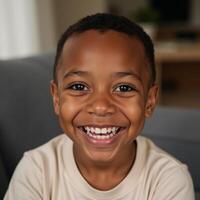Closeup portrait of happy African American child radiating joy and innocence photo
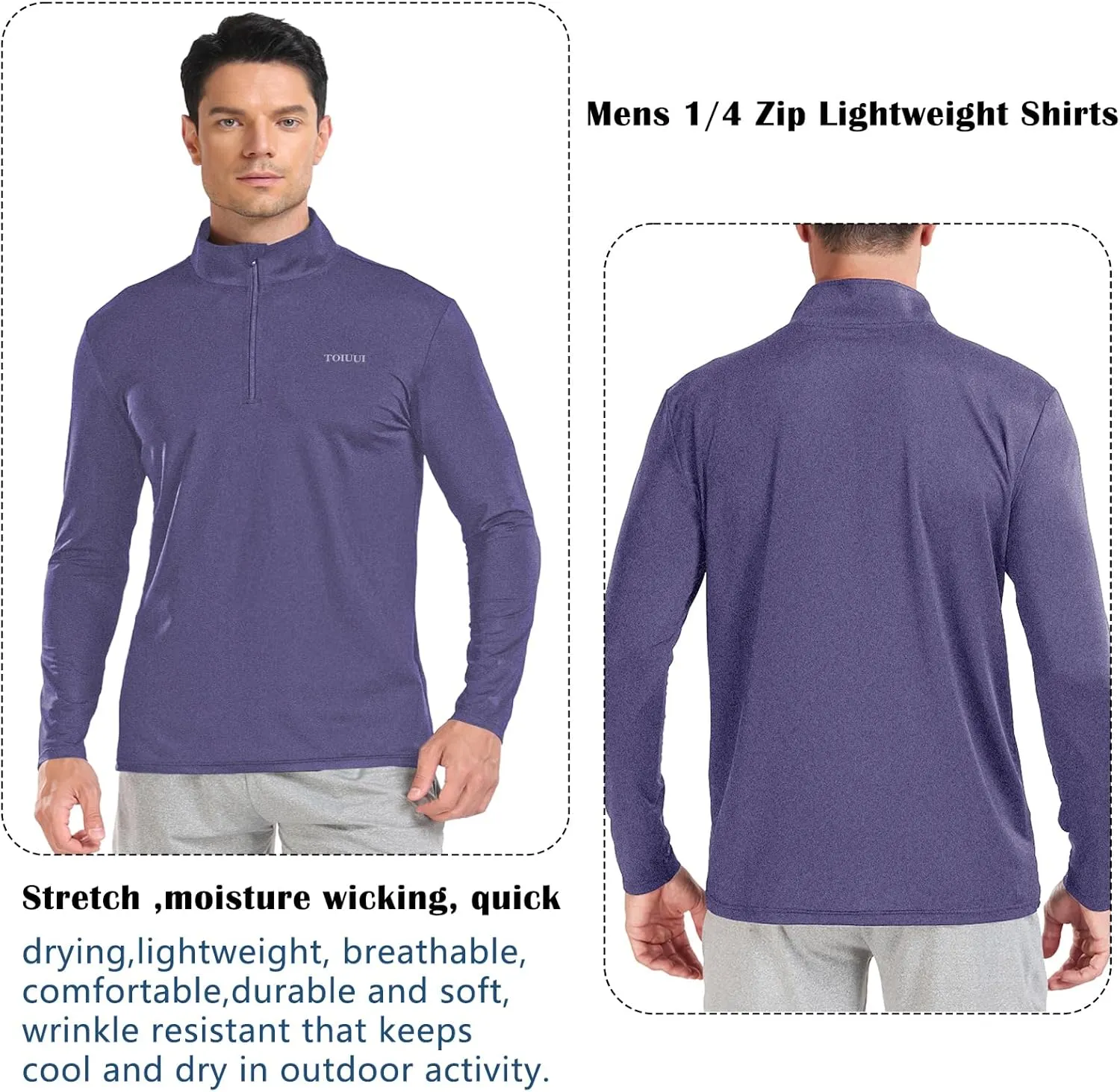 Men 1/4 Zip Shirts Sun UV Protection Long Sleeve Fishing Golf UPF 50 Lightweight Clothing Hiking Workout Tops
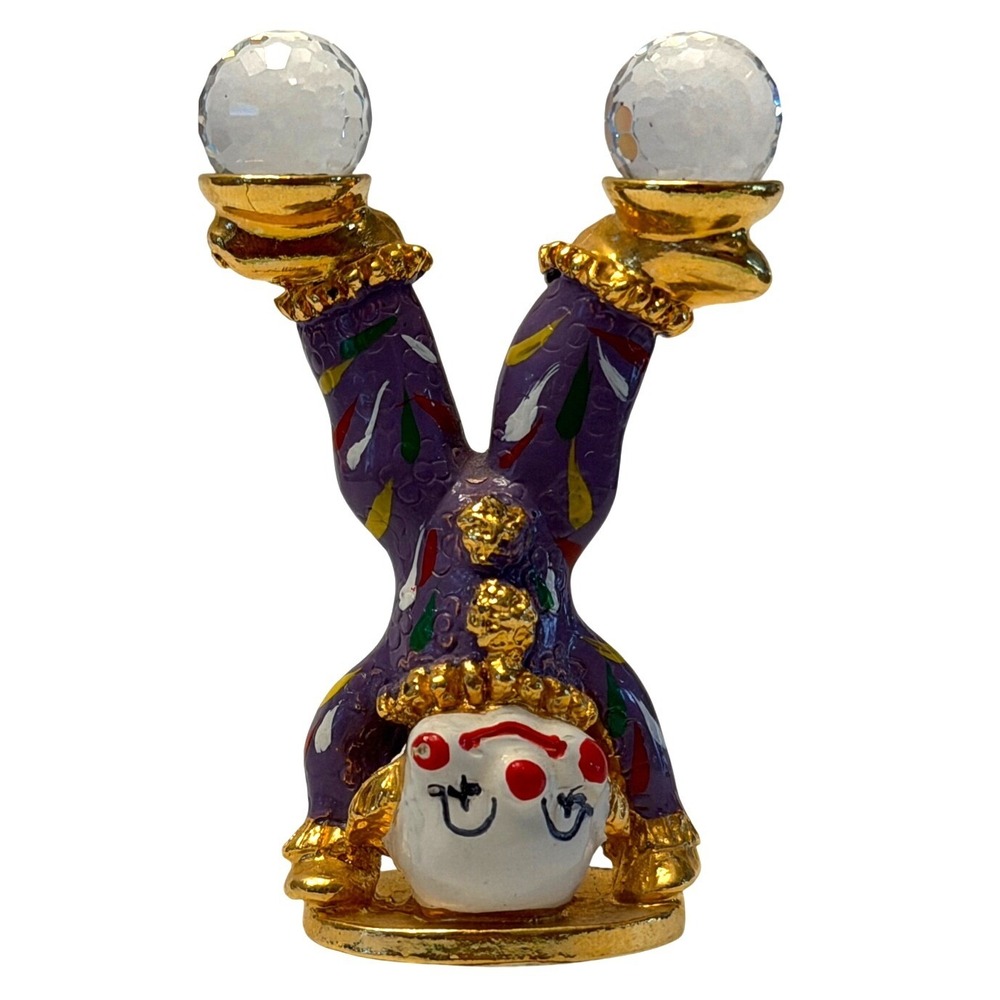Spooniques Vintage Pewter Clown Figurine Handstand Crystal Balls Purple Gold 2"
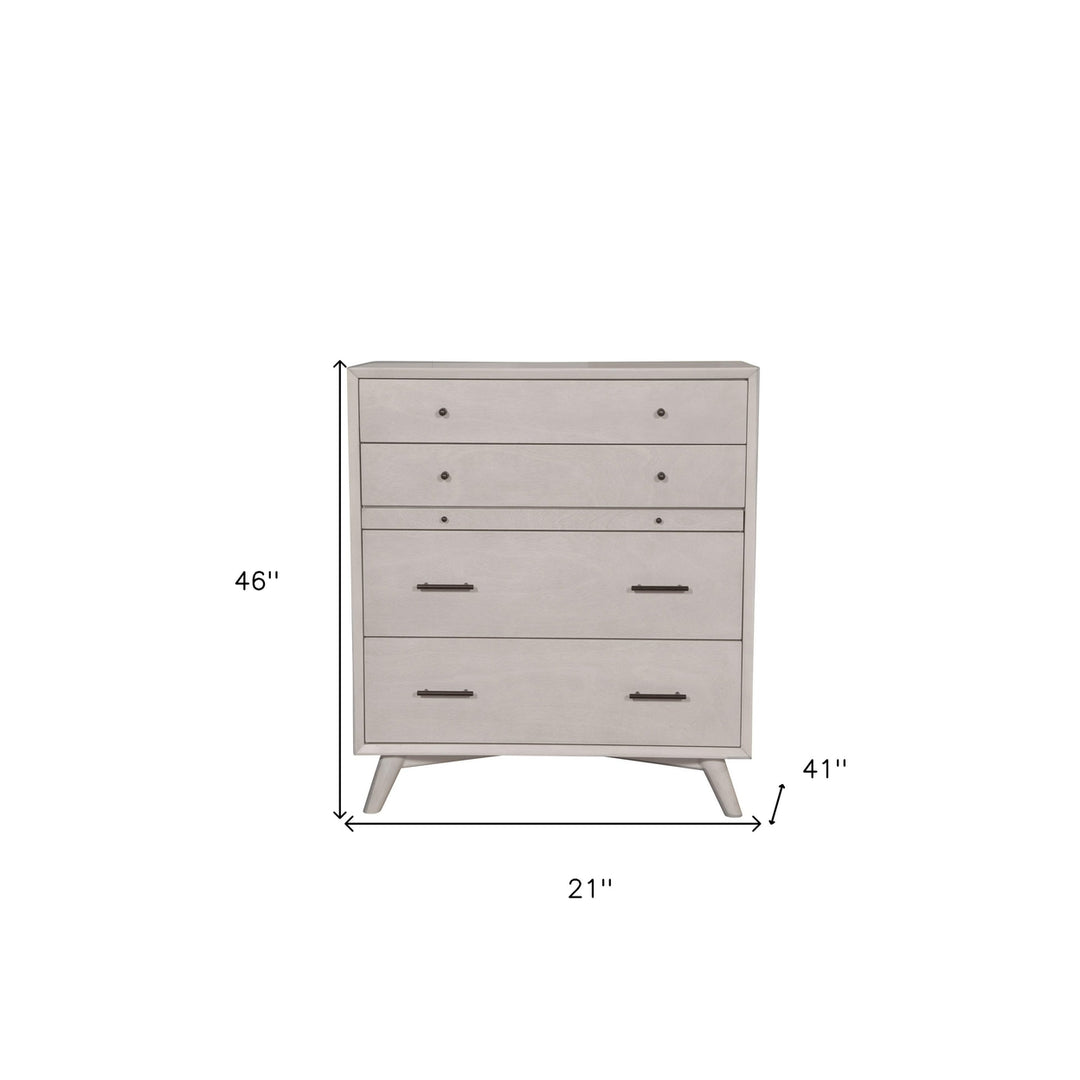 38" Gray Solid Wood Four Drawer Chest Image 10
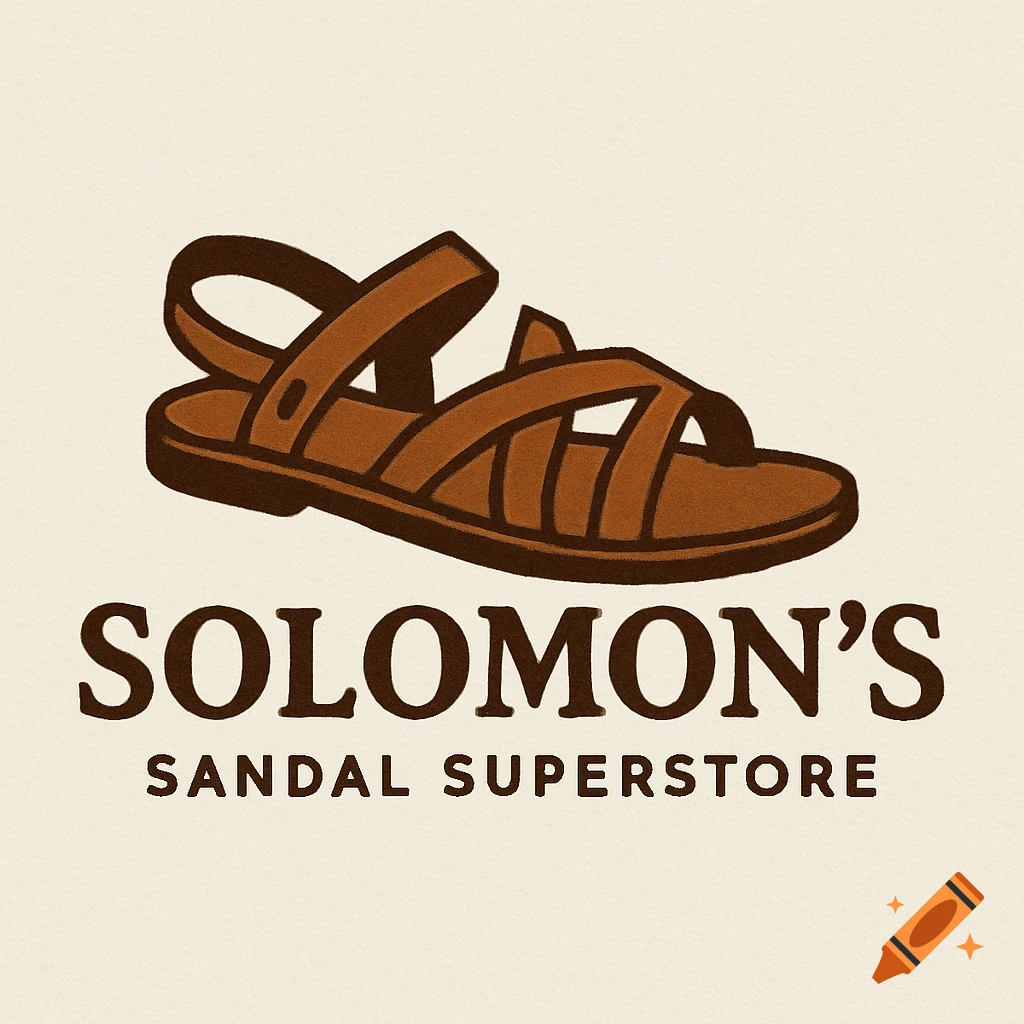 Logo for Solomon's Sandal Superstore featuring a brown sandal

::::::

Problem to work on — Once the line containing "Chest Image 10" is found, copy it and each line after it through the end of the entries above exactly; nothing else, and no pictures.

Task response —
 38" Gray Solid Wood Four Drawer Chest Image 10
 Logo for Solomon's Sandal Superstore featuring a brown sandal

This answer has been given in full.